Yes, it’s “’tween” time, halfway through the marketing year, when big movers are harder to find.
And that only partly explains USDA’s reticence why the agency made no revisions to its 2024 U.S. crop numbers in its March 11 World Agricultural Supply and Demand Estimates. Seasonal factors took a back seat to the big elephant in the room: tariffs. Some tariffs are in place, others could eventually take their place, and no one knows where they’ll wind up or when. So not trying to predict the impact means not making wholesale changes to the outlook when markets are uncertain enough as is.
Better to measure twice and cut once.


Beware the Fed
History backs that carpenter’s rule, especially with the Federal Reserve checking its own toolbox ahead of the next update to monetary policy due March 19.

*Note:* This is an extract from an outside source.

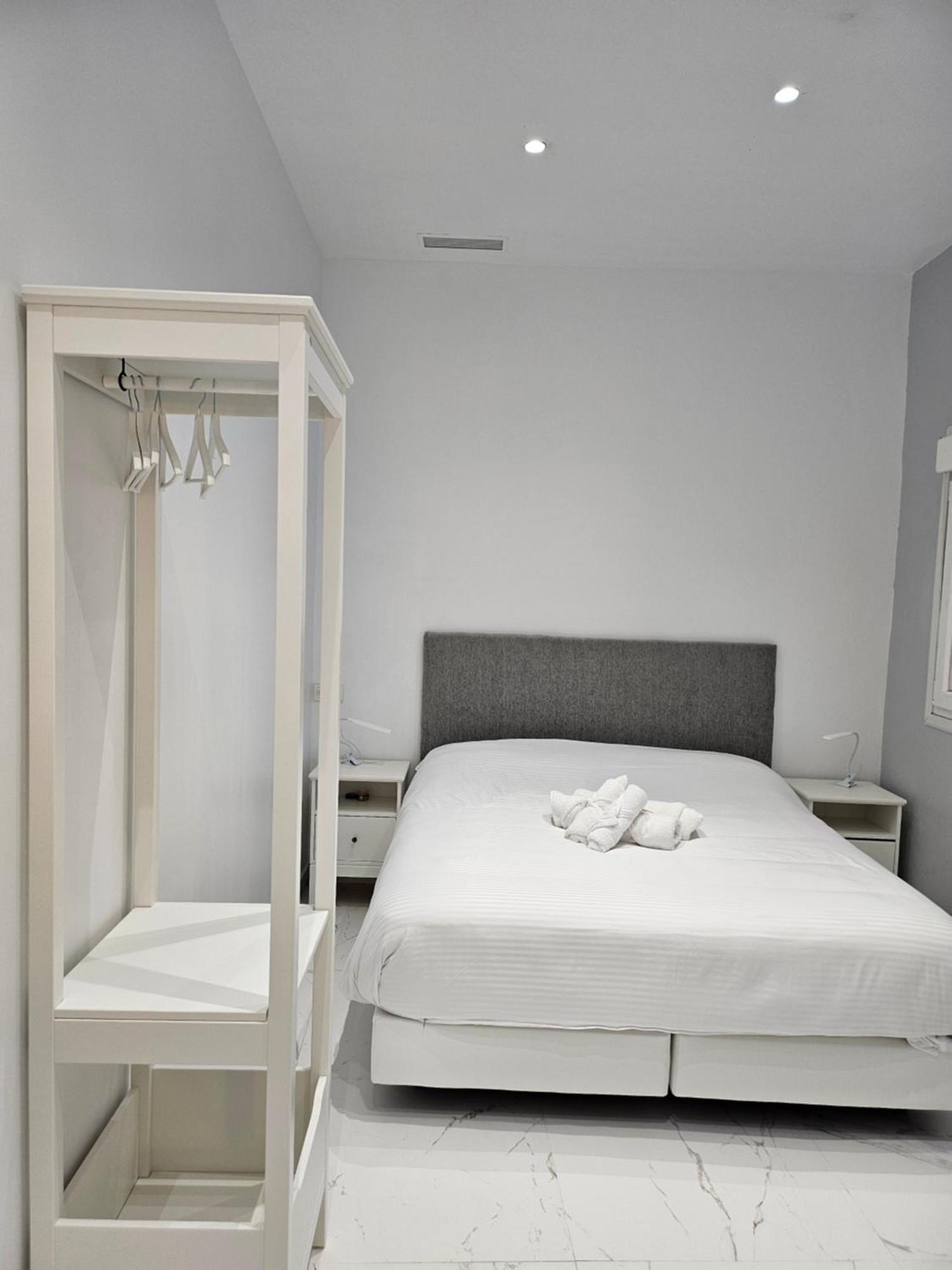 Apartamento Casa Palacio Garci-perez *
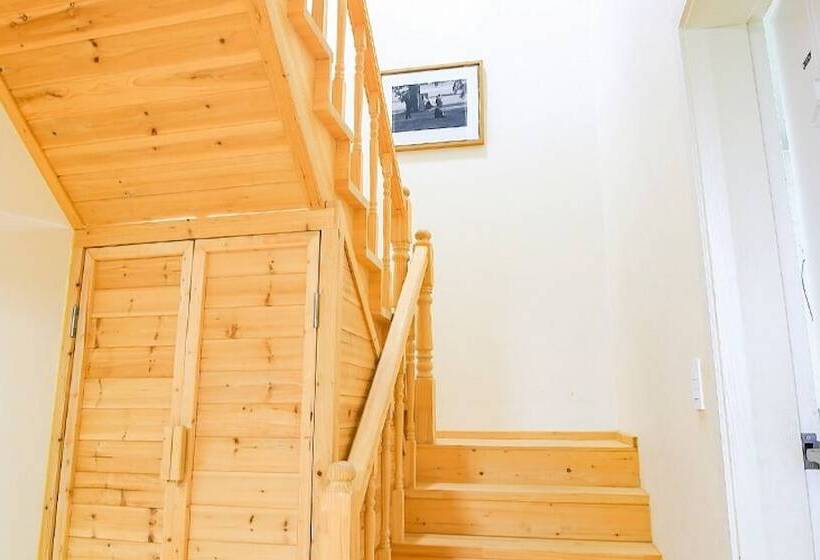 Yangpyeong Belle Epoque Pension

The central bank isn’t expected to make any changes to its target range for benchmark Federal Funds, leaving it between 4.25% and 4.5%. Higher rates tend to support the value of the U.S. dollar, which generally is bearish for commodities denominated in greenbacks.

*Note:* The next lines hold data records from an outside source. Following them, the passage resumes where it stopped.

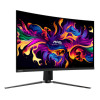 MSI MAG 321CUP QD-OLED 32" Curved QD-OLED UHD 4K 165Hz 0.03ms Height Adjustable Gaming Monitor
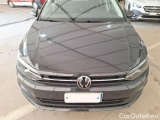  Volkswagen  Polo VOLKSWAGEN  / 2017 / 5P / BERLINA 1.0 TSI BUSINESS COMFORTLINE #25
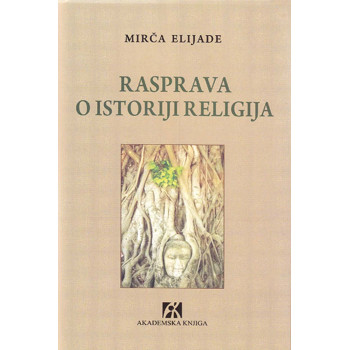 RASPRAVA O ISTORIJI RELIGIJA 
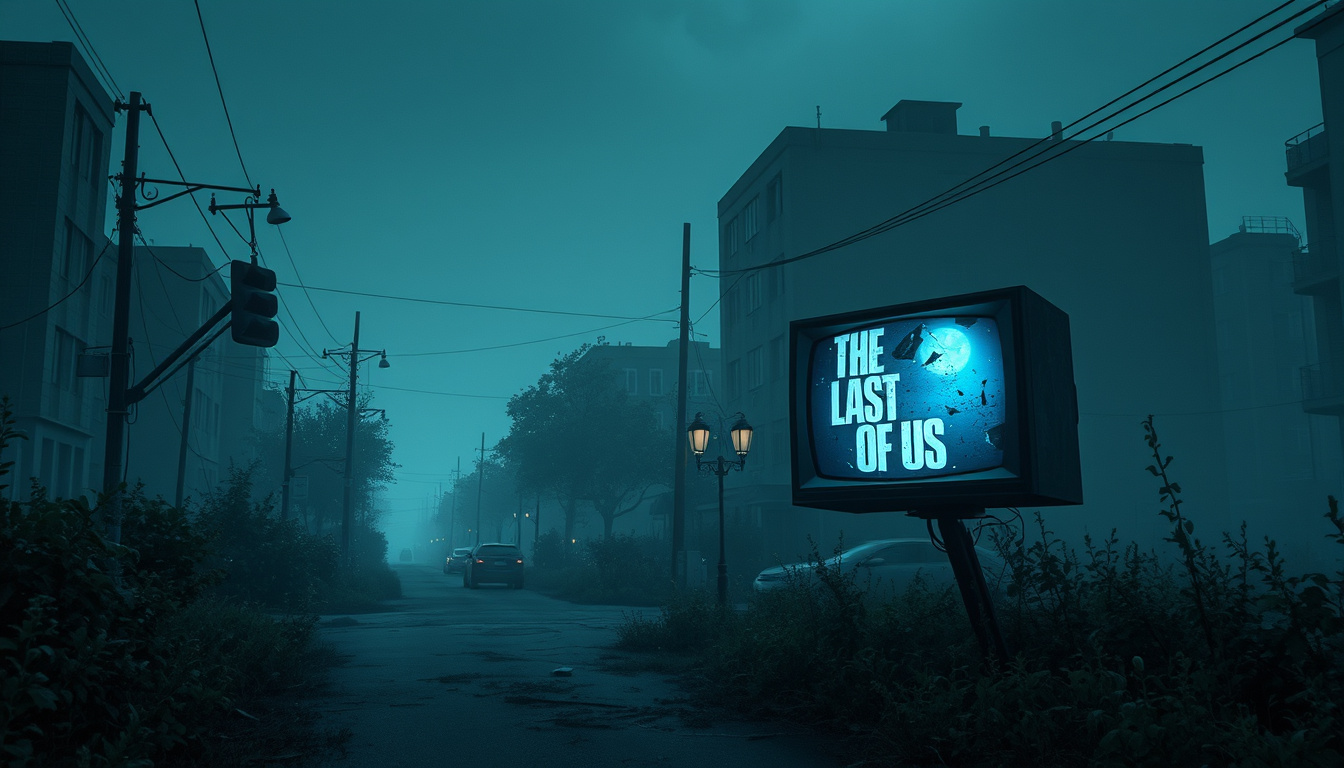 The Last of Us säsong 2 Sverige: premiär, avsnitt, säsong 3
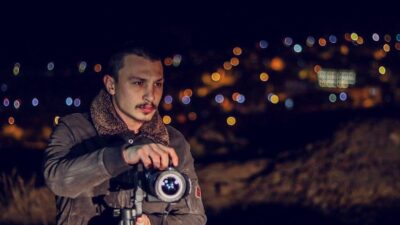 ürkiye’nin dijital medya alanındaki etkili isimlerinden biri olan gazeteci ve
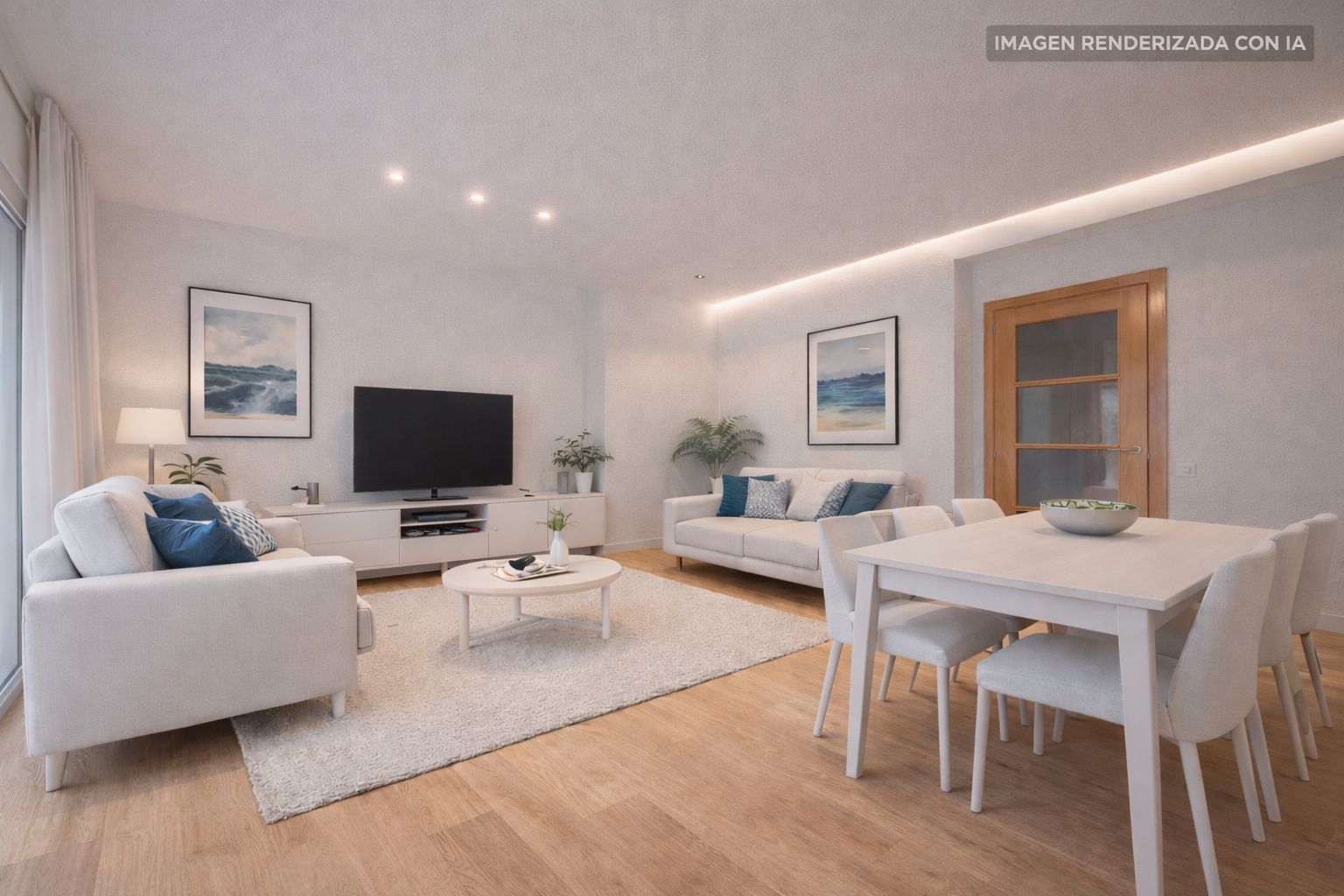 Wohnung zum Verkauf in Centre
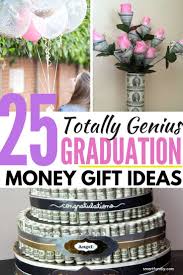 We did not find results for: 25 Clever Graudation Money Gift Ideas To Surprise The Grad Graduation Money Gifts Graduation Money Money Gift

Barring a Fed surprise, new crop corn and soybean futures typically stage some type of rally from mid-March into spring.
For sure, we don’t know where those spring lows will come in. But if markets avoid a complete washout, current bottoms around $4.40 for corn and $9.95 for soybeans point to at least some pricing opportunities for those who need or want them. On average over the past 50-plus years, December corn mustered a 13.2% rally off spring lows, with the smallest bounce the 5.2% gain off the 2016 bottom.
November soybeans averaged a 14.5% bounce, with their nadir in the flood year of 1993 at 4.4%.
Bye-bye La Nina
With facts like tariffs hard to discern, one “hard” number emerged that could provide fuel for a rally – or douse nascent embers: La Nina. U.S. weather forecasters – their own ranks under fire from budget cutters – said the well-known El Nino cycle would ease over the next month from La Nina cooling in the equatorial Pacific to its neutral phase, which would last until fall.
La Nina tends to be bad for U.S. corn and soybean yields, while its twin favors better crops. But weather is complicated, and no one single factor comes anywhere close to being an accurate Magic 8-Ball. Sometimes supply is the limiting factor for the market. At other times demand holds sway. Most years the two do a complicated dance, especially around the May Pole.
Indeed, a statistically significant correlation exists between the Consumer Price Index and ENSO. But? It’s not particularly strong, leaving plenty of room for other outcomes.
And opinions. That’s what it takes to make a market. One size doesn’t fit all.
So, the minimum rally projected for corn would take December 2025 to $4.63, little more than a dime off Friday’s $4.51 close, with the average rally around $5.05.
For November 2025 soybeans, the minimum target is $10.38, 20 cents above Friday’s $10.18 close. And the average rally? That projects to $11.39.